Want to visit Key West from Chicago, D.C., or New Jersey? Nonstop flights are on the way

Gwen Filosa
·2 min read

United Airlines next month will resume nonstop flights to Key West from Chicago and New Jersey and plans to add new nonstop trips between Washington, D.C., and the Southernmost City later this year.

Starting Oct. 1, flights will head to Key West from Chicago O’Hare and New Jersey’s Newark Liberty international airports, the Monroe County Tourist Development Council announced Wednesday.

“Key West is a very, very exciting and safe destination within the boundaries of the United States,” said Richard Strickland, the county’s director of airports.. “Our demand is strong. We’re anticipating that airline seats for fall into Key West will exceed the number of seats we had in fall 2019.”

The flights are on United Express 70-seat Embraer E170 regional jets.

On Nov. 6, United plans to launch new nonstop service five times weekly between Key West and Washington Dulles International Airport. It’s a new market for the Florida Keys with United.

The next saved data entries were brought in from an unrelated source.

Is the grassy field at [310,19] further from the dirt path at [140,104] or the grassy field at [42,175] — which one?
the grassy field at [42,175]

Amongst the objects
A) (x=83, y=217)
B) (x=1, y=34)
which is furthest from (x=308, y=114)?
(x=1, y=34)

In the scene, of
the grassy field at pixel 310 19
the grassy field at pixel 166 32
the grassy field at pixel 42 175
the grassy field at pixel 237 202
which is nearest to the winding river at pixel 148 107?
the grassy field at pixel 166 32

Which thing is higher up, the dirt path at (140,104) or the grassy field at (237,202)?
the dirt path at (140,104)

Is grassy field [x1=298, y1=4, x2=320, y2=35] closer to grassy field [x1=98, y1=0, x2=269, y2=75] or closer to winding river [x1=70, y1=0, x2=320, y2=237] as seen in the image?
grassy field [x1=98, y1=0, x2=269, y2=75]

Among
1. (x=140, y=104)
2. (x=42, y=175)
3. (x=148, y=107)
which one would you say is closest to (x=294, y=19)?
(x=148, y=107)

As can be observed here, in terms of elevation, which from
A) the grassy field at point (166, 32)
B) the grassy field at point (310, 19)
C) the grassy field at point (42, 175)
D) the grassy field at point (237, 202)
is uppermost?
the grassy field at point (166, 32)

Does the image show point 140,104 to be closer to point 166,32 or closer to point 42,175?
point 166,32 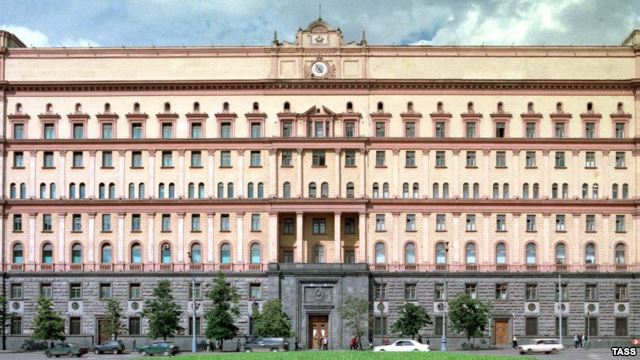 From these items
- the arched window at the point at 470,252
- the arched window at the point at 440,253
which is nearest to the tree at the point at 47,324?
the arched window at the point at 440,253

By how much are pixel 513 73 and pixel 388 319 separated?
89.3 feet

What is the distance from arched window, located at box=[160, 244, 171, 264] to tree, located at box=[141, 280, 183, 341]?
6.99m

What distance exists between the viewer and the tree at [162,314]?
97.3 metres

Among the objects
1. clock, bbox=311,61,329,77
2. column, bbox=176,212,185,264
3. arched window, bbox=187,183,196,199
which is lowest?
column, bbox=176,212,185,264

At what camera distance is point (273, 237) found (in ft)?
348

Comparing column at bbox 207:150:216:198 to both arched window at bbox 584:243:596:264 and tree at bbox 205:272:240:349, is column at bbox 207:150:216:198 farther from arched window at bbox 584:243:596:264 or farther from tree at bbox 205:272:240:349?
arched window at bbox 584:243:596:264

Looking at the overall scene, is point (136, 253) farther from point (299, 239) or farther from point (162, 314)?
point (299, 239)

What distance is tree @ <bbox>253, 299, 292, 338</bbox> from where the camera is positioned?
9662 centimetres

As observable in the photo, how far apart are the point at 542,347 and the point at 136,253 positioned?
133 ft

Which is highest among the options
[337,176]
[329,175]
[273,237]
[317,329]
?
[329,175]

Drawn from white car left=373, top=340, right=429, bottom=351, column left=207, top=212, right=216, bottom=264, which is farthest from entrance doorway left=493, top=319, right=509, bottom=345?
column left=207, top=212, right=216, bottom=264

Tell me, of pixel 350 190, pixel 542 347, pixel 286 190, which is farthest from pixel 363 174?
pixel 542 347

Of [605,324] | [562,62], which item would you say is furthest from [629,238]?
[562,62]

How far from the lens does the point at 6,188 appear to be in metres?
108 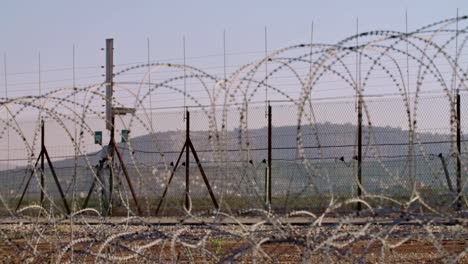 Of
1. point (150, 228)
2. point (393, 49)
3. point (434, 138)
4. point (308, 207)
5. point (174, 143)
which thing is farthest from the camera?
point (174, 143)

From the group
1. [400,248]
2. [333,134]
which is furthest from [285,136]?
[400,248]

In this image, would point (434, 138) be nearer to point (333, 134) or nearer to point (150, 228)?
point (333, 134)

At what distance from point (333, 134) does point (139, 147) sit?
5480mm

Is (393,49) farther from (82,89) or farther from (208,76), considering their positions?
(82,89)

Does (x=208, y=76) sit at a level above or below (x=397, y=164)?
above

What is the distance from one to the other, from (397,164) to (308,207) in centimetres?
335

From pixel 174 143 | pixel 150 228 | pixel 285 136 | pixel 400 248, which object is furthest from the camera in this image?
pixel 174 143

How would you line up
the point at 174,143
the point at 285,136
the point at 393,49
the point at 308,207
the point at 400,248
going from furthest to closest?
the point at 174,143
the point at 285,136
the point at 308,207
the point at 400,248
the point at 393,49

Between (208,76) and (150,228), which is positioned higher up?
(208,76)

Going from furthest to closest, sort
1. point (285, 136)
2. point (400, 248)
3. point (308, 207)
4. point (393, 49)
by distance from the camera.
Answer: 1. point (285, 136)
2. point (308, 207)
3. point (400, 248)
4. point (393, 49)

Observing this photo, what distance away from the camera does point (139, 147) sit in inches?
946

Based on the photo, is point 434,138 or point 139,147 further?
point 139,147

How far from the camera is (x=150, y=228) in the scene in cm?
772

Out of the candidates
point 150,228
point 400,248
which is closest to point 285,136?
point 400,248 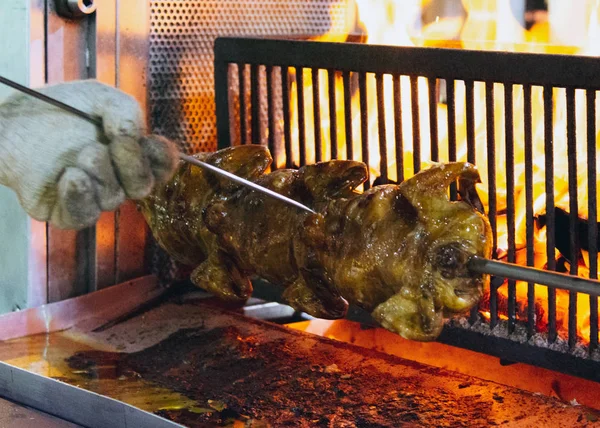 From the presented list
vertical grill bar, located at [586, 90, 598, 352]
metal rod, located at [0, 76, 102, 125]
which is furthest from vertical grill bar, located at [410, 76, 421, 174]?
metal rod, located at [0, 76, 102, 125]

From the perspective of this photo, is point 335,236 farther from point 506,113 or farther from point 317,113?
point 317,113

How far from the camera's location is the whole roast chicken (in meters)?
1.90

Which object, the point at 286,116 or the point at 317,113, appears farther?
the point at 286,116

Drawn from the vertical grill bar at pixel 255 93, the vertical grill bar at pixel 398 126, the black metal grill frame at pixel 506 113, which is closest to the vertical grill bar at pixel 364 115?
the black metal grill frame at pixel 506 113

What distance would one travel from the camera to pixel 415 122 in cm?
249

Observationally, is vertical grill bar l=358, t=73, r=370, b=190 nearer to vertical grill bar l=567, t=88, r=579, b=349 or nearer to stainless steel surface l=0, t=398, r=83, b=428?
vertical grill bar l=567, t=88, r=579, b=349

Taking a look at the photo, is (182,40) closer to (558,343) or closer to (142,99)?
(142,99)

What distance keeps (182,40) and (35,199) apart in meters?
1.41

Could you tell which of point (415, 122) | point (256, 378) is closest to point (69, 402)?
point (256, 378)

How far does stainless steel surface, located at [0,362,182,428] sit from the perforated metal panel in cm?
99

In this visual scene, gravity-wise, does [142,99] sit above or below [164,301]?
above

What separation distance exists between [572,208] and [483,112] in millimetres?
867

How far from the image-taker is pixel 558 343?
238cm

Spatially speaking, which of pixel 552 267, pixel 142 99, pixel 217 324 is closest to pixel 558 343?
pixel 552 267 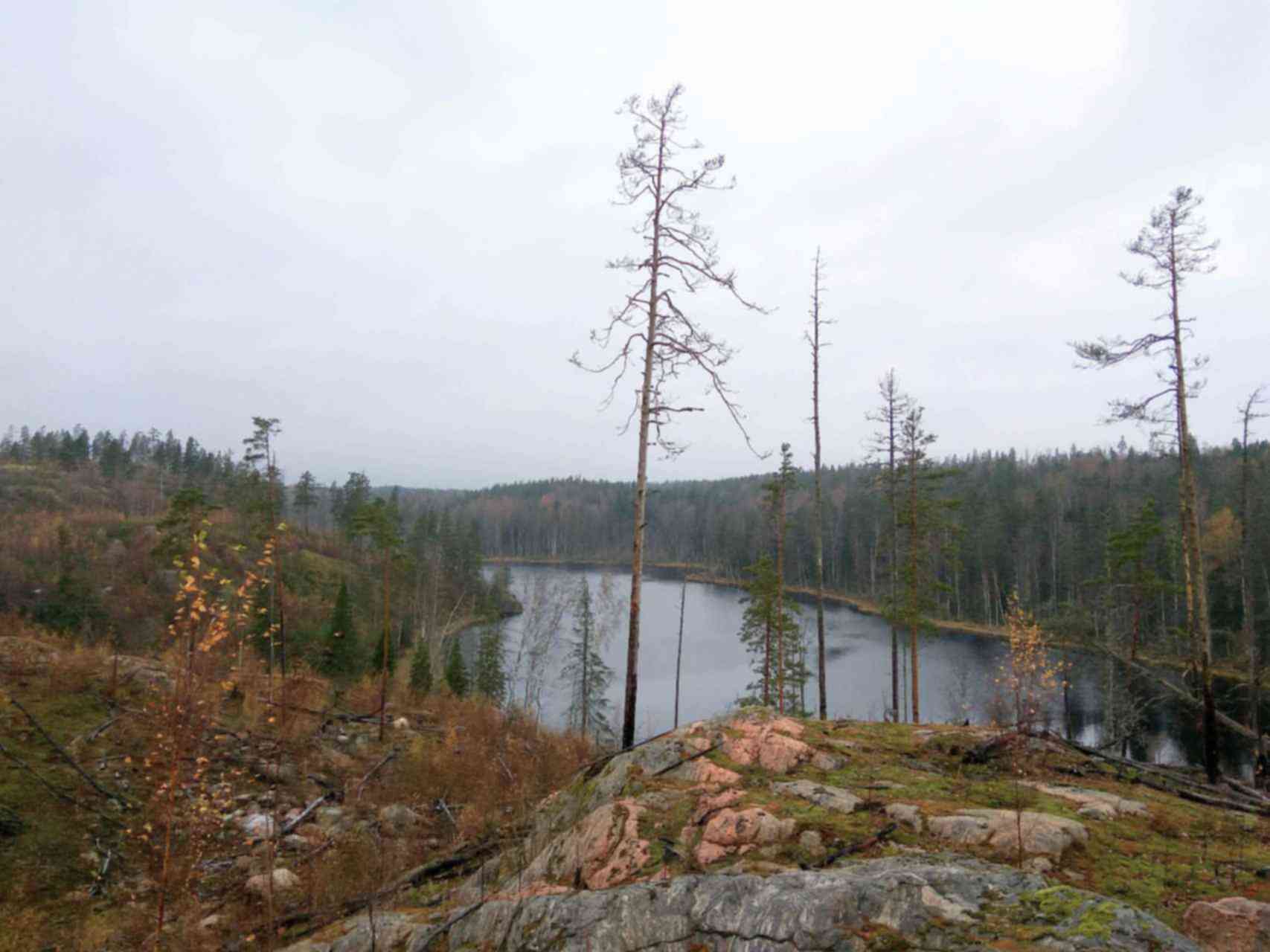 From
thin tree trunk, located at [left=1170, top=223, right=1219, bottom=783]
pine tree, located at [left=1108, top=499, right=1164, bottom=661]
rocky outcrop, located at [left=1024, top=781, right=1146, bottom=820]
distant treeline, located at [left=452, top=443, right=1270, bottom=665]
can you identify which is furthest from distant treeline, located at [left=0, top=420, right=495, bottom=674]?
pine tree, located at [left=1108, top=499, right=1164, bottom=661]

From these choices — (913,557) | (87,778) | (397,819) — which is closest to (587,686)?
(913,557)

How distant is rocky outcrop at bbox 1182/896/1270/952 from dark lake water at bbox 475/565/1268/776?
15.2 m

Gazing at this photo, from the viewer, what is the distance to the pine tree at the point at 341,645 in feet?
89.8

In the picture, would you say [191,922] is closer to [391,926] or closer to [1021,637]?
[391,926]

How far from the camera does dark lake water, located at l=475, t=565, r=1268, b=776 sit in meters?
24.8

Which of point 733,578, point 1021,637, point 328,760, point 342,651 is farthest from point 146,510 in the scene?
point 1021,637

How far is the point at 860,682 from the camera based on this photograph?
35125 millimetres

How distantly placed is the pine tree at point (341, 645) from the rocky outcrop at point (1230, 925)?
91.9 feet

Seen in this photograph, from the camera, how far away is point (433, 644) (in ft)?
128

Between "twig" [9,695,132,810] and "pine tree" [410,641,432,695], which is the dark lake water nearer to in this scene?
"pine tree" [410,641,432,695]

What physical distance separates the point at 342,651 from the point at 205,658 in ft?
82.4

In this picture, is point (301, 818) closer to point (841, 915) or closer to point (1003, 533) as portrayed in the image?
point (841, 915)

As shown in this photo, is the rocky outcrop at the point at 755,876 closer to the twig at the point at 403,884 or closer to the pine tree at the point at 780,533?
the twig at the point at 403,884

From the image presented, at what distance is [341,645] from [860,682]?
86.4 ft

Beginning Oct. 1, 2020, United Airlines will resume daily nonstop service to Key West from Chicago O’Hare and New Jersey’s Newark Liberty international airports on United Express 70-seat Embraer E170 regional jets.
Beginning Oct. 1, 2020, United Airlines will resume daily nonstop service to Key West from Chicago O’Hare and New Jersey’s Newark Liberty international airports on United Express 70-seat Embraer E170 regional jets.

Those flights will operate Mondays, Thursdays, Fridays, Saturdays and Sundays.

Starting Dec. 17, United will step up the service by offering daily flights to Key West from Dulles.

“The Washington, D.C., Beltway region has the potential to increase our visitor numbers in the fall shoulder season, which would be a great boost to our lodging properties and tourism-related businesses,” said Stacey Mitchell, director of the TDC. “This new market is likely to become a top draw for visitors from the Northeast, which traditionally is one of our top winter feeder markets.”

United’s E170 aircraft have seating for 64 main cabin and six first-class passengers.

Also on Wednesday, the airline announced it is adding to its cleaning procedures an EPA-registered antimicrobial coating that it said forms a long-lasting bond with surfaces.

“United is currently applying the coating each week on more than 30 aircraft to seats, tray tables, armrests, overhead bins, lavatories and crew stations and expects to add this latest measure to its entire mainline and express fleet before the end of the year,” the airline said in a news release.

United is currently applying the Zoono Microbe Shield on aircraft at O’Hare and expects to expand it to each of its six other hubs and approximately 200 U.S. airports where United aircraft remain overnight in the coming months.

“This long-lasting, antimicrobial spray adds an extra level of protection on our aircraft to help better protect our employees and customers” amid the COVID-19 pandemic, said Toby Enqvist, United’s Chief Customer Officer.